§ **The problem**
Output only this range of the data below: the line that contains "100pcs 5 colors" through the final line, both ends included, each retyped exactly.

§ **Available data**
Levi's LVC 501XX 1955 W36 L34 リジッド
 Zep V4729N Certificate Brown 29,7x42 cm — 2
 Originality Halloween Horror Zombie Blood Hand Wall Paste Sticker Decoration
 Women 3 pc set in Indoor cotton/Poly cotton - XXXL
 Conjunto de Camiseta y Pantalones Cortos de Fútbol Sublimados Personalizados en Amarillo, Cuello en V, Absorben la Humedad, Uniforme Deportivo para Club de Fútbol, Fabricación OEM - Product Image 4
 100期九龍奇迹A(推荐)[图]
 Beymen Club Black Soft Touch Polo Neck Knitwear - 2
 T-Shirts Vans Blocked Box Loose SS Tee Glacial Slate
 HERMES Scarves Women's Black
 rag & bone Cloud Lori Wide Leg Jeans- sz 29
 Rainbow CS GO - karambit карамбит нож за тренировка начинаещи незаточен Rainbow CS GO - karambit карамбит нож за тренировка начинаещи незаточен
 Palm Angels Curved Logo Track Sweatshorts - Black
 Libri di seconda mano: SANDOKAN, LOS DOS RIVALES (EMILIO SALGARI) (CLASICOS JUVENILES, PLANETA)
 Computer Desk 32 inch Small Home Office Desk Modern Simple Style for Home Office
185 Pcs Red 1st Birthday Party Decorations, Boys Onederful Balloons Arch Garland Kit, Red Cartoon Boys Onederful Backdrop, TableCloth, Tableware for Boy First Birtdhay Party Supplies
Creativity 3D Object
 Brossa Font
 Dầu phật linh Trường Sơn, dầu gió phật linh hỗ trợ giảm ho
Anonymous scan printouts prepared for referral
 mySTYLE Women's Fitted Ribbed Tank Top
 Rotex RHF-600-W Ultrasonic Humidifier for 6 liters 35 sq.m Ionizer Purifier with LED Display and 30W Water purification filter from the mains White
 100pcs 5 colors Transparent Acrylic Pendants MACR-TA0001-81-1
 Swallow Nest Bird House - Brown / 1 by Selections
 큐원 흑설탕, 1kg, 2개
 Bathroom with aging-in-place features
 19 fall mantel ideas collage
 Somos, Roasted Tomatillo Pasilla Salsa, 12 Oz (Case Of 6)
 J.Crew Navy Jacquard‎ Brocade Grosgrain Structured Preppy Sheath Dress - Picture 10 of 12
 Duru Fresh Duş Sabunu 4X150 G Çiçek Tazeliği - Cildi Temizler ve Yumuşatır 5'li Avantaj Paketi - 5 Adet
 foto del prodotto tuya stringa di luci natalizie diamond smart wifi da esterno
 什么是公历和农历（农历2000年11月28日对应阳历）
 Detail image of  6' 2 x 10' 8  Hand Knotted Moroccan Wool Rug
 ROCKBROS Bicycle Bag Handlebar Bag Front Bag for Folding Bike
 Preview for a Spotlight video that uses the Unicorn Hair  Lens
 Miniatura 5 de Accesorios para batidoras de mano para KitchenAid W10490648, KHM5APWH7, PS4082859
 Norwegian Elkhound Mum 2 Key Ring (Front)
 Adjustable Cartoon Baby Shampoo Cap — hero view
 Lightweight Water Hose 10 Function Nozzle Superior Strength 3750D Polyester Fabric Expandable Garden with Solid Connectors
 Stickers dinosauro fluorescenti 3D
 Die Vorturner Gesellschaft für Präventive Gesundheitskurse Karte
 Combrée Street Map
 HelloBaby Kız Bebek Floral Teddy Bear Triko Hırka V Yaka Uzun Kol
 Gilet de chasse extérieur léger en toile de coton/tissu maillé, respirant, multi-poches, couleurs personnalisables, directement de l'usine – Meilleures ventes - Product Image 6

§ **Answer to the exercise**
 100pcs 5 colors Transparent Acrylic Pendants MACR-TA0001-81-1
 Swallow Nest Bird House - Brown / 1 by Selections
 큐원 흑설탕, 1kg, 2개
 Bathroom with aging-in-place features
 19 fall mantel ideas collage
 Somos, Roasted Tomatillo Pasilla Salsa, 12 Oz (Case Of 6)
 J.Crew Navy Jacquard‎ Brocade Grosgrain Structured Preppy Sheath Dress - Picture 10 of 12
 Duru Fresh Duş Sabunu 4X150 G Çiçek Tazeliği - Cildi Temizler ve Yumuşatır 5'li Avantaj Paketi - 5 Adet
 foto del prodotto tuya stringa di luci natalizie diamond smart wifi da esterno
 什么是公历和农历（农历2000年11月28日对应阳历）
 Detail image of  6' 2 x 10' 8  Hand Knotted Moroccan Wool Rug
 ROCKBROS Bicycle Bag Handlebar Bag Front Bag for Folding Bike
 Preview for a Spotlight video that uses the Unicorn Hair  Lens
 Miniatura 5 de Accesorios para batidoras de mano para KitchenAid W10490648, KHM5APWH7, PS4082859
 Norwegian Elkhound Mum 2 Key Ring (Front)
 Adjustable Cartoon Baby Shampoo Cap — hero view
 Lightweight Water Hose 10 Function Nozzle Superior Strength 3750D Polyester Fabric Expandable Garden with Solid Connectors
 Stickers dinosauro fluorescenti 3D
 Die Vorturner Gesellschaft für Präventive Gesundheitskurse Karte
 Combrée Street Map
 HelloBaby Kız Bebek Floral Teddy Bear Triko Hırka V Yaka Uzun Kol
 Gilet de chasse extérieur léger en toile de coton/tissu maillé, respirant, multi-poches, couleurs personnalisables, directement de l'usine – Meilleures ventes - Product Image 6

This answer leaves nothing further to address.